● **Task directions**: Would you retype exactly the lines below, starting with the one that has "Sandstone Long Sleeve Crew Neck Tee" and going on through the one that has "Height Worktable Wood", with no pictures and nothing else?

● **Extracted entries**:
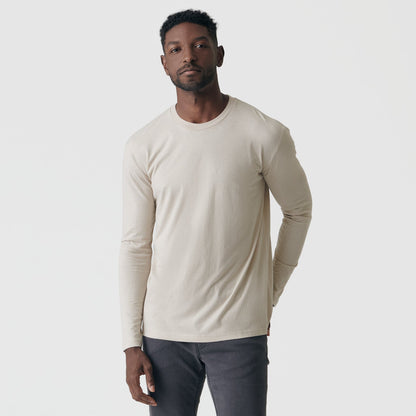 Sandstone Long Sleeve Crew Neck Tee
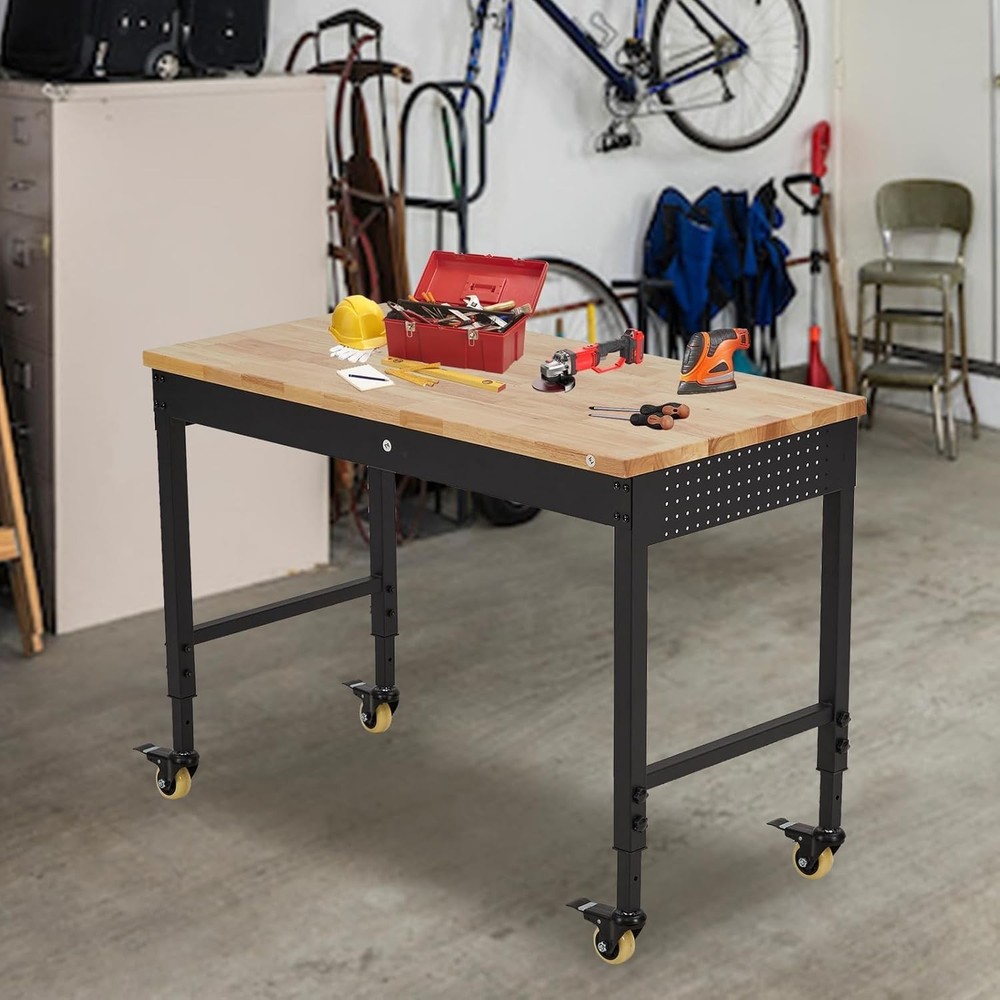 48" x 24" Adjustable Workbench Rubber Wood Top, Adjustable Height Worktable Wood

---

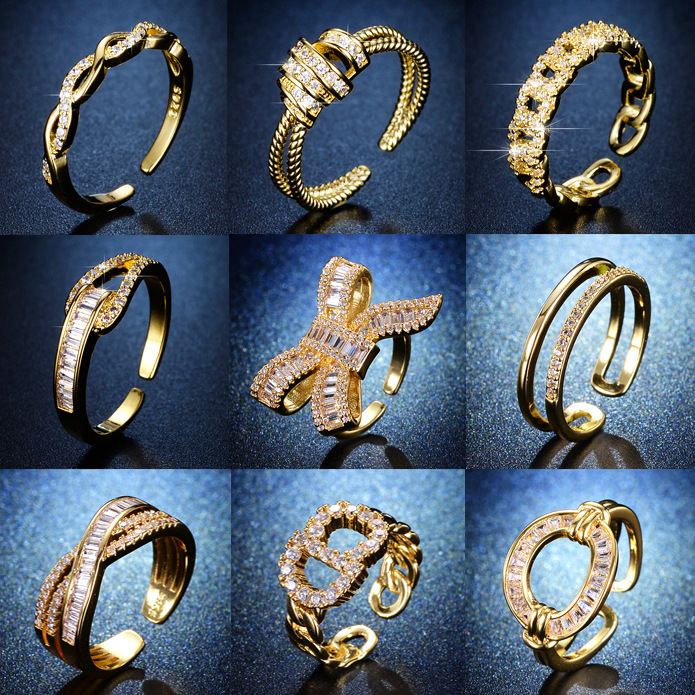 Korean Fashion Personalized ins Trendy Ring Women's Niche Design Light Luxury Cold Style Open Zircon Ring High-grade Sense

● **Result below**:
 Sandstone Long Sleeve Crew Neck Tee
 48" x 24" Adjustable Workbench Rubber Wood Top, Adjustable Height Worktable Wood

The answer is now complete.